Жизнь языка: Памяти М. В. Панова - страница 27



а вы должны обратиться с просьбой о пересмотре дела».

Т.: То есть это шестьдесят третий – шестьдесят четвертый год? Примерно так.

З.: Да, я думаю, что шестьдесят третий скорее даже. Вот. Я говорю: «Хорошо». Причем сами понимаете, насколько я ошарашена, еще жива моя мама, она живет отдельно, там надо вместе все… Я говорю: «Мама еще…» – «Мы не стали ее трогать, она человек старый, решили обратиться к вам». Я еду к маме, значит, все ей рассказываю, мы пишем такое заявление… Да, значит: «Напишите заявление и принесите». Да, а я хочу сказать, какая у нас была дома легенда. Значит, во-первых, конечно, это все скрывалось, что отец наш был репрессирован, мы все-таки старались никому не говорить, во-вторых, было такое мнение, что… муж родной сестры моей мамы, который был белым офицером, у нас ночевал вот где-то, там, в двадцать девятом или в каком-то году, и вот донесли соседи, и отца поэтому арестовали.

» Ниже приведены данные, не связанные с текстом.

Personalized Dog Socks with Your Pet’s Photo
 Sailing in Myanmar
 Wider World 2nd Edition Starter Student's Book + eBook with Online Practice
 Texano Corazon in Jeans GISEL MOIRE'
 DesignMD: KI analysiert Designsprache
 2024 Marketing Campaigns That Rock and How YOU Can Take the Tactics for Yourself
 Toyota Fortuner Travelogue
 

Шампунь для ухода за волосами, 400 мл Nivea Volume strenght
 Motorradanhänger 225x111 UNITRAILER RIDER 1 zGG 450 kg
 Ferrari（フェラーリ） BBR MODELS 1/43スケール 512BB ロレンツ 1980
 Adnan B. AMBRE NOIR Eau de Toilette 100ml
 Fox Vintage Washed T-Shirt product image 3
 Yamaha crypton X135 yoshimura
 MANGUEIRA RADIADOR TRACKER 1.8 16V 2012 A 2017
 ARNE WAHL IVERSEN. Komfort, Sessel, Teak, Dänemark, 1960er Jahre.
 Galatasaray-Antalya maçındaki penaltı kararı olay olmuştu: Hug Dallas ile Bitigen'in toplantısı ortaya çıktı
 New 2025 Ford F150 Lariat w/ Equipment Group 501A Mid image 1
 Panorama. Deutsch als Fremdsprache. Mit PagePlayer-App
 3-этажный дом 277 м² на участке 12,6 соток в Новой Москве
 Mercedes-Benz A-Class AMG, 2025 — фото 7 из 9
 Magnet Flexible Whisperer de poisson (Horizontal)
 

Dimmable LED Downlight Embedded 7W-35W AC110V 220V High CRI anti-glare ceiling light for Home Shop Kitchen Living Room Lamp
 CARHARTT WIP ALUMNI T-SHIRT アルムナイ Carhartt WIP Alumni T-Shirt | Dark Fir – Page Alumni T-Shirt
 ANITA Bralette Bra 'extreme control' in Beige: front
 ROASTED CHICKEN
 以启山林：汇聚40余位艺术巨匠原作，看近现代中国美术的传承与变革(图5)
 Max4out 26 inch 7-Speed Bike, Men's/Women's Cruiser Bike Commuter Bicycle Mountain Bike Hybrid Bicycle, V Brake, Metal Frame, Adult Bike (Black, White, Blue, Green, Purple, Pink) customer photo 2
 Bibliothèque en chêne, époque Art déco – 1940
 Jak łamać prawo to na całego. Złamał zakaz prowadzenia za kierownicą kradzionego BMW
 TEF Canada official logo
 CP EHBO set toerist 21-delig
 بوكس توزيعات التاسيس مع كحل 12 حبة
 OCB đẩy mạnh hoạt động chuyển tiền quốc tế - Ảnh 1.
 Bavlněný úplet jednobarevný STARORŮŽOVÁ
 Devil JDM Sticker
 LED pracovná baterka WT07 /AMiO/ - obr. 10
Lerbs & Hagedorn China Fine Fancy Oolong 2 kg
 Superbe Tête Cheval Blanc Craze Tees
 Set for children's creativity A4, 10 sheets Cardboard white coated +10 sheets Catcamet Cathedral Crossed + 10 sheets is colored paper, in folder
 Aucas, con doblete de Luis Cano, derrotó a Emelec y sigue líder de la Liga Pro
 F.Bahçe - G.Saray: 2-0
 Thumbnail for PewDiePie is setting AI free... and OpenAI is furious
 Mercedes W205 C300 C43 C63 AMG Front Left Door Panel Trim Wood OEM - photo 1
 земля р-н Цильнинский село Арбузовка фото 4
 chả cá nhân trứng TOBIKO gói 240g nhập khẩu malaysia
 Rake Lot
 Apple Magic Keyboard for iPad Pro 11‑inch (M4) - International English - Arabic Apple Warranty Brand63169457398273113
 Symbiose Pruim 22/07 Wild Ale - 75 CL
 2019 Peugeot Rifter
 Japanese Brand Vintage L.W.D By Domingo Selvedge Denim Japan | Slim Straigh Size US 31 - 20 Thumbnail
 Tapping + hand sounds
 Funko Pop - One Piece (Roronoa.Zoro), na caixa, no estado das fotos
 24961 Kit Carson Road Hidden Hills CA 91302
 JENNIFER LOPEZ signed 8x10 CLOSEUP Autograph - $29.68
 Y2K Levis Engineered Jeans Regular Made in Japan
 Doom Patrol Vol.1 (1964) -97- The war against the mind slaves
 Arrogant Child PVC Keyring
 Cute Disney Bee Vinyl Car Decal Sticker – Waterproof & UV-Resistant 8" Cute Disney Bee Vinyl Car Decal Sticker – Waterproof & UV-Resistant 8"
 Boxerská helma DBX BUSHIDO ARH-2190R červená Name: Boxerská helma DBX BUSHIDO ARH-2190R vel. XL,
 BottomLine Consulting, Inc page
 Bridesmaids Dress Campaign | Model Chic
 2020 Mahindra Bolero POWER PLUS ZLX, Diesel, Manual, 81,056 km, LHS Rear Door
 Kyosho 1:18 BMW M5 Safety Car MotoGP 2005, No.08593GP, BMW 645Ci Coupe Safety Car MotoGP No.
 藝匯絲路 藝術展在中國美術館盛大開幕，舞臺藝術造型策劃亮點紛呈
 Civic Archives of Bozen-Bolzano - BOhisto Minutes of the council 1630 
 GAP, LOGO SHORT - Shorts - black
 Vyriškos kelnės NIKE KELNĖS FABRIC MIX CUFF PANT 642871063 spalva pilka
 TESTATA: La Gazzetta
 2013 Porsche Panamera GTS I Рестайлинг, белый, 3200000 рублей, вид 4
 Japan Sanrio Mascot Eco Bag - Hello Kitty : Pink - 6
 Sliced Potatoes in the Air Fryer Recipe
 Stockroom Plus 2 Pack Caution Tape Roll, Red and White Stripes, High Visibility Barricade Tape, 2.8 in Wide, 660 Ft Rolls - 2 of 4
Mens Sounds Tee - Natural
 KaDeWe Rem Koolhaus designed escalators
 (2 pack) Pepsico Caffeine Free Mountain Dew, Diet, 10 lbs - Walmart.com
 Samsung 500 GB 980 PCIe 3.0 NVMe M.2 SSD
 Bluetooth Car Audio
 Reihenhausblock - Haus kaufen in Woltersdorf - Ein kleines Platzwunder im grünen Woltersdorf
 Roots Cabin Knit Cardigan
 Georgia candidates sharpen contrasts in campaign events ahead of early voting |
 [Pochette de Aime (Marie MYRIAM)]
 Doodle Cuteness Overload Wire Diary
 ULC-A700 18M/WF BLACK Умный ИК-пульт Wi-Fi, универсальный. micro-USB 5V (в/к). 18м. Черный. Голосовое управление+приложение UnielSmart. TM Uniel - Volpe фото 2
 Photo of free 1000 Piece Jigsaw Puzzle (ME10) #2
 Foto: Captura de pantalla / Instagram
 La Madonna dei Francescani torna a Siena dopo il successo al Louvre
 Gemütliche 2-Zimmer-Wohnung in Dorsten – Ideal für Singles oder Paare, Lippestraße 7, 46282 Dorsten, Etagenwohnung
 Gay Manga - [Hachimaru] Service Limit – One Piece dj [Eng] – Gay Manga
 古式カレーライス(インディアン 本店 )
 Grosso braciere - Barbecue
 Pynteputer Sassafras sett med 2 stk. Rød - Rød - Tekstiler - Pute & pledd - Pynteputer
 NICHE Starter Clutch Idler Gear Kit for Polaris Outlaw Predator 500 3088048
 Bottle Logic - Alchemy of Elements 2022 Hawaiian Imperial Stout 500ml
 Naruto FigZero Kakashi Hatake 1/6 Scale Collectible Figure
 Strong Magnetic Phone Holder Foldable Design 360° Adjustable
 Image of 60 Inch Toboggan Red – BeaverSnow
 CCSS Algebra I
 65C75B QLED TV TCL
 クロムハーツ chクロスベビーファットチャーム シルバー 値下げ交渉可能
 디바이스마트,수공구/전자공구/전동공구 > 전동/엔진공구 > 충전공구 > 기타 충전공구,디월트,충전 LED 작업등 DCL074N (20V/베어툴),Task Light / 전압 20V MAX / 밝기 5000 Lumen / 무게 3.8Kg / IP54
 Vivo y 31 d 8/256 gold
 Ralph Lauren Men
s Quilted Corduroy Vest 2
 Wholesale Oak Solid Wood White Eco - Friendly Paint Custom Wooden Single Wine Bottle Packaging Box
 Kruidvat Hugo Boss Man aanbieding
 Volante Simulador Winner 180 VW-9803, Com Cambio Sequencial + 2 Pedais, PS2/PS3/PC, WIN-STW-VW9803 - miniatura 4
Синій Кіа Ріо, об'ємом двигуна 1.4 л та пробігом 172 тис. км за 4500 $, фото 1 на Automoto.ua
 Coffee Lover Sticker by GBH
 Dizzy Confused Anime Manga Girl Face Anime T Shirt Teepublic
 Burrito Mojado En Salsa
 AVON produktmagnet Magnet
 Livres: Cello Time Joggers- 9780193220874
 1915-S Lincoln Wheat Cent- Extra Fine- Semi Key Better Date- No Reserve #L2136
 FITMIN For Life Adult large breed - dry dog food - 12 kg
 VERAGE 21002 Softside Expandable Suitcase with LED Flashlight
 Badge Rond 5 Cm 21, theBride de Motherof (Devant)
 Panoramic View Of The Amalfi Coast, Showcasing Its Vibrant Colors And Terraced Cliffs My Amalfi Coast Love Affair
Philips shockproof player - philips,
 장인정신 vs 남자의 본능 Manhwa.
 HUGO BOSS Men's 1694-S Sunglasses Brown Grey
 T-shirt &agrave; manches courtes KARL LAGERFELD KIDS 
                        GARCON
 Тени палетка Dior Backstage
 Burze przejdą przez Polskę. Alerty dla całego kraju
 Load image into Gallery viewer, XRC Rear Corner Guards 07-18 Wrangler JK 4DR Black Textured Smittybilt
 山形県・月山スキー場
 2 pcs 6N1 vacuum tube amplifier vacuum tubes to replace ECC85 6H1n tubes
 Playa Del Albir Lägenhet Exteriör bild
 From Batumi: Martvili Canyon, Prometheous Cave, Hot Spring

Да. На следующий день я прихожу – приношу это наше заявление, опять, значит, жду, опять этот человек спускается, на этот раз я уже все-таки немножко пришла в себя и спрашиваю – говорю: «А за что был арестован мой отец?» Он говорит: «По делу об участии в Белой армии в Самарской губернии». Я говорю: «Ну, это…» – «Он был в Самарской губернии?» Я говорю: «Да, он был, но он там работал по линии просвещения» (отец и мама оба были филологи). Вот. Он говорит: «А это совсем неважно, – знаете, так цинично, спокойно, – это совсем неважно. Мы закрываем все эти дела. Нам надо закрыть…». И через, там, сколько-то времени, может быть, через месяц-два, я получила письмо, что он, значит, посмертно реабилитирован.

Т.: А! все-таки реабилитирован.

З.: Да. Нет-нет, «закрываем…».

Т.: «Закрываем» – это значит реабилитация.

К.: Они уже его реабилитировали.

З.: Да.

К.: В шестидесятые годы.

З.: Даже независимо от того, значит, был ли он в Белой армии, не был, и всё. Вот такая история.

(Перерыв в записи.)

К.: Есть какие-то вот такие рассказы, очень интересные…

З.: Да.

К.: Например, Михаил Викторович рассказывал про «Арабески» – ну согласитесь, что это почти художественное произведение…

З.: Ну, конечно.

К.:…Это не просто так.

З.: Ну, конечно, конечно.

Т.: Это новелла.

З.: Да, да-да-да.

К.: Этот человек с ружьем…

Т.: Новелла, да.

К.:…и этот огромный гоголевский стол… <…>

К.: Какая-то символика есть, что-то больше…

Т.: Поскольку у нас момент исторический, немножко… скажите два слова о себе – то, что мы не знаем. Вы закончили…

К.: Я закончила тоже филологический факультет…

Т.: МГУ?

К.: МГУ. Вот. И Михаила Викторовича я слушала на первом курсе, лекции по фонетике, а потом весь этот вот курс по истории языка.

Т.: Поэзии?

К.: Поэзии, да. И не один год, а мы слушали, уже когда я даже закончила университет. А на последнем курсе я снимала фильм об университете, и мы снимали лекции Михаила Викторовича Панова. И он пришел к нам на просмотр фильма – назывался этот фильм «Реплика», об университете фильм – и Михаил Викторович мне сказал: «Вы возродили немой кинематограф». Я подумала: «Это комплимент или нет?» Так и не поняла.

З.: В устах Михаила Викторовича это похвала.

К.: Да.

Т.: Да, конечно.

К.: И через неделю, через вот тоже одну мою подругу, он пригласил нас в гости. Мы пришли всей нашей группой, это был, наверное, восьмидесятый год, и вот с тех пор мы стали ходить к Михаилу Викторовичу в гости очень часто… и большими компаниями, и малыми компаниями, и разными компаниями, и очень любим Михаила Викторовича. Вот я еще рассказала Елене Андреевне, что мы издавали журнал – и он хранится у меня – «Трамвай 13».